Ce cadrage est significatif pour les industriels et décideurs européens, car il formalise une ligne de démarcation stratégique avec les États-Unis et la Chine. Catherine Simon pointe la logique technocentrée de ces deux puissances, illustrée par des démonstrations de robots humanoïdes effectuant des saltos ou courant des marathons, des vitrines qu'elle distingue implicitement d'une réponse à un besoin réel.

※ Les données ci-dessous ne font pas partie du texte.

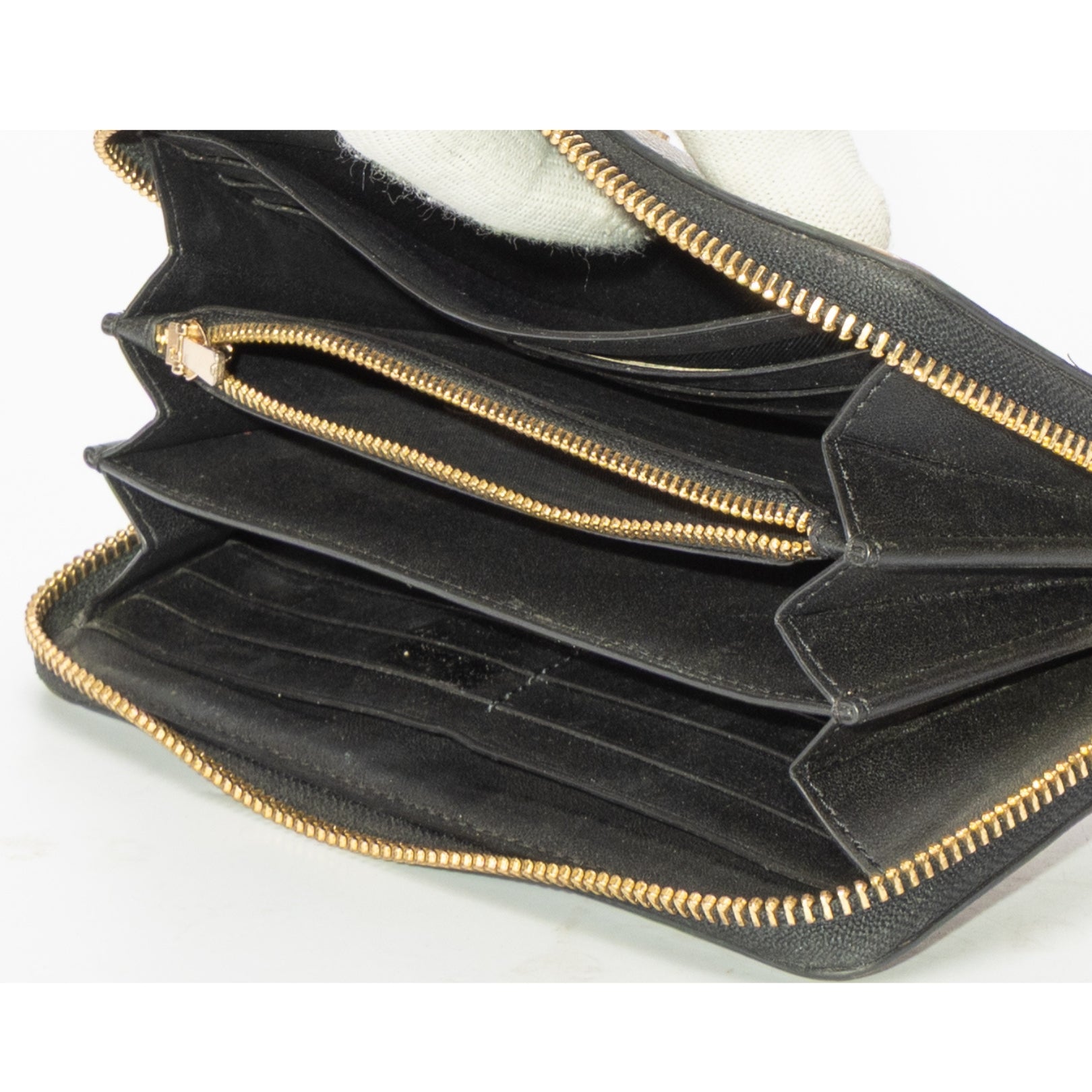 Coach Bee Print Long Zip Around Wallet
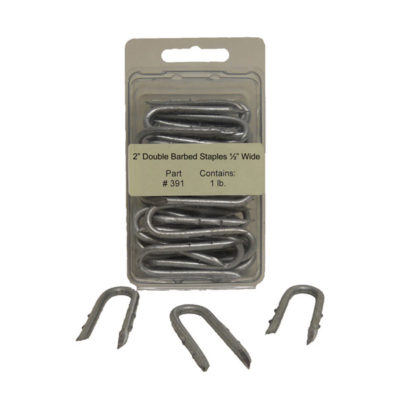 2" Double Barbed Staples 1/2" Wide (1lb pack)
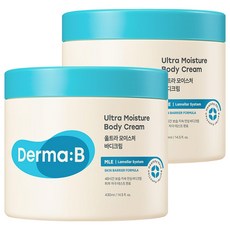 더마비 울트라 모이스처 바디크림 순한 바닐라 파우더향, 430ml, 2개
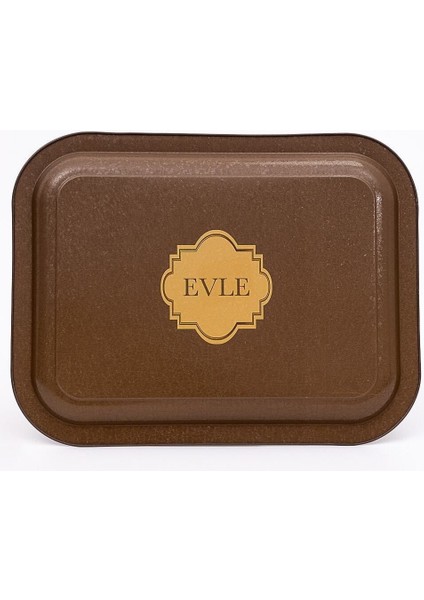 EE161-U6 Retro Desenli Dikdörtgen Tepsi 23X31 cm fırsatları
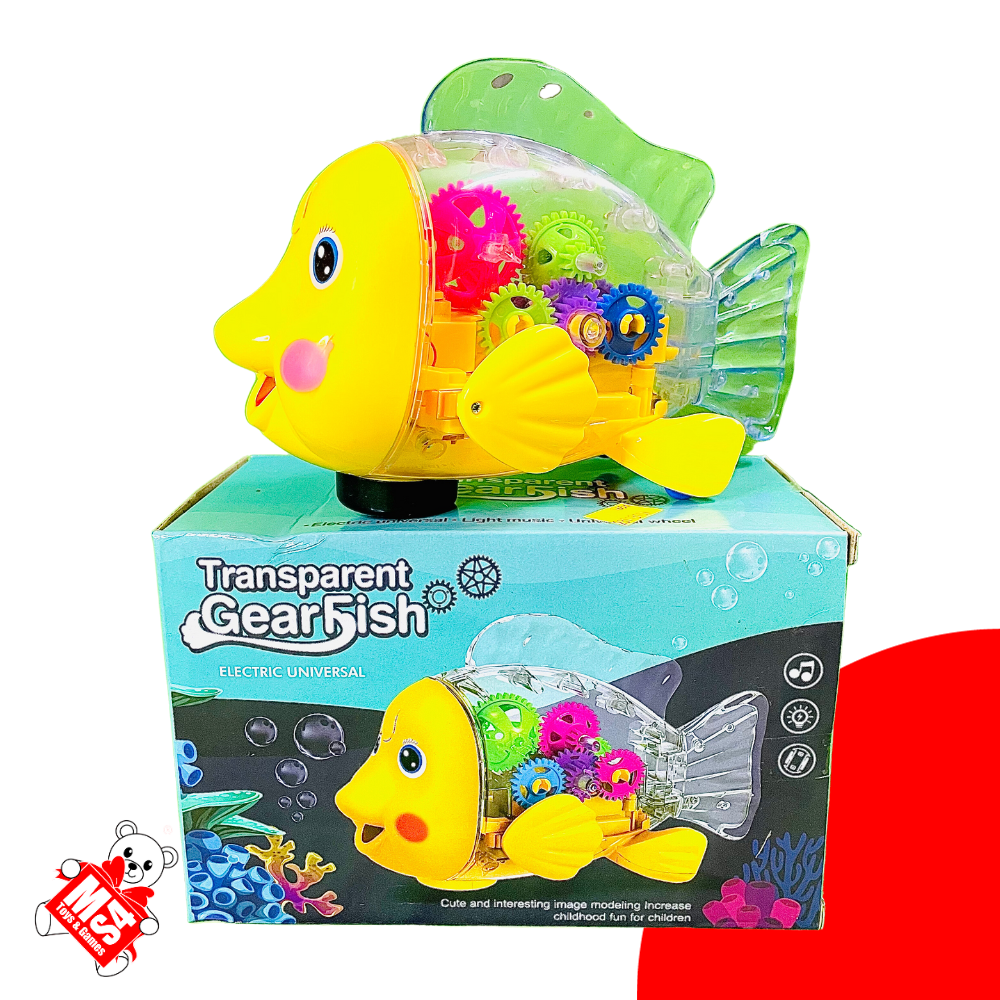 Musical Gear Fish | 3D Lights and Musical Toy | 360° Smooth Sensor Movement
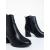 Botine dama cu toc negre din piele ecologica Aisha, 6 - Kalapod.net
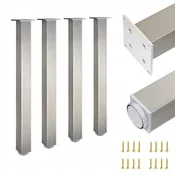 4 x Noga 60x60 | V - 710 mm | Nerjaveče jeklo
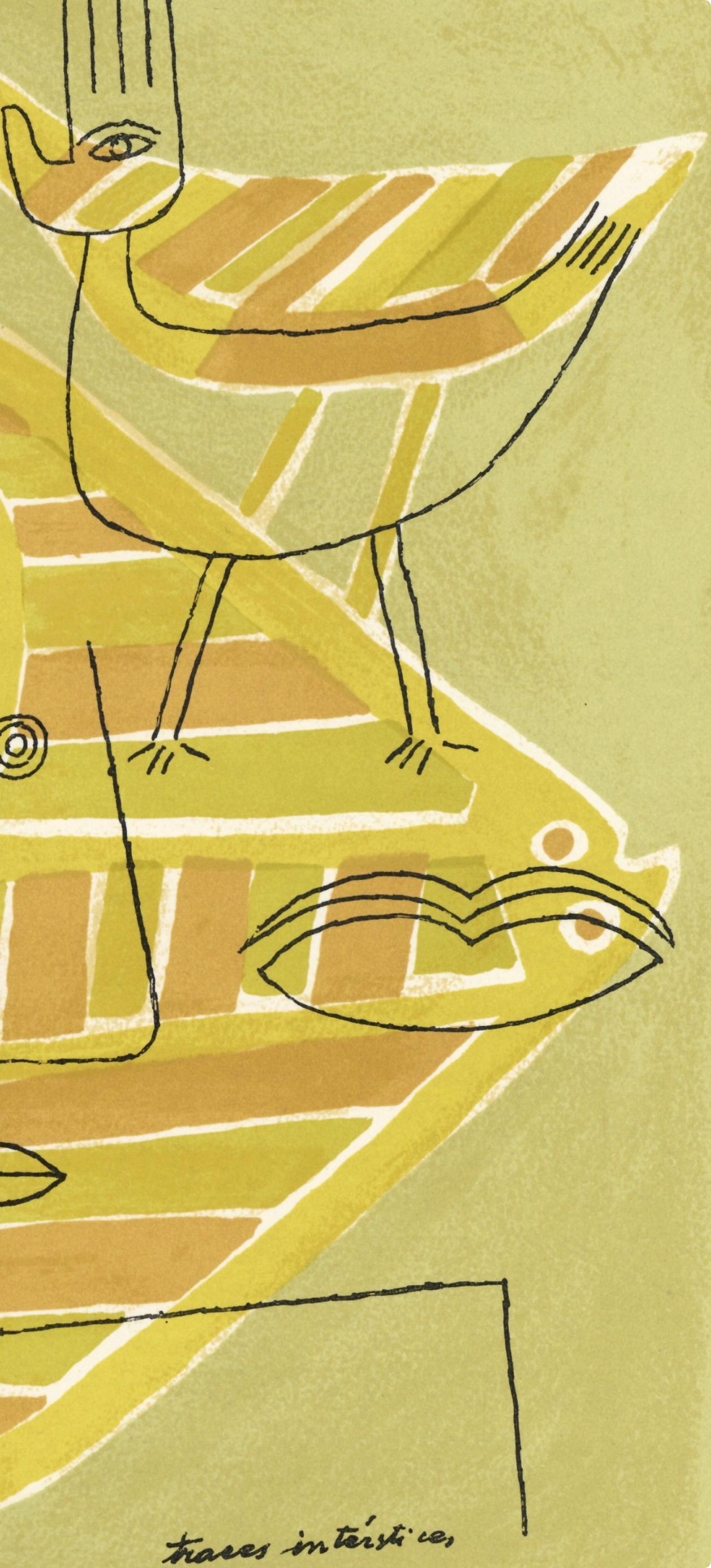 Victor Brauner, Composition, XXe siècle, Limited Edition Lithograph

Elle plaide pour une approche inverse en France et en Europe, tirée par la demande des secteurs économiques stratégiques et par les urgences environnementales et sociétales, plutôt que par la course à la performance technique pour elle-même. Pour un intégrateur ou un COO industriel, ce positionnement suggère que les financements publics français chercheront à prioriser des marchés à besoins massifs et avérés plutôt qu'à soutenir des démonstrations robotiques spectaculaires sans débouché immédiat.
Cette prise de position s'inscrit dans la mission du SGPI, qui pilote une partie des investissements technologiques de l'État français, dans un contexte de compétition mondiale sur l'IA physique et les humanoïdes largement dominée jusqu'ici par les annonces américaines et chinoises. Catherine Simon défend l'idée que la France et l'Europe disposent d'un écosystème complet, grands groupes industriels, PME innovantes, laboratoires de recherche et compétences techniques en matériel comme en logiciel, pour construire une offre compétitive. L'entretien ne comporte toutefois aucune annonce de produit, de pilote industriel ni de calendrier de déploiement précis : il s'agit d'une déclaration d'orientation stratégique destinée à peser sur les priorités d'investissement public, pas d'un bilan de réalisations. La suite qu'elle esquisse consiste à identifier les marchés porteurs où cet écosystème franco-européen pourrait se positionner face aux acteurs nord-américains et chinois.
Cette prise de position du SGPI vise a orienter les futurs financements publics français vers des marches robotiques a besoins avares plutôt que vers une course technologique face aux Etats-Unis et a la Chine.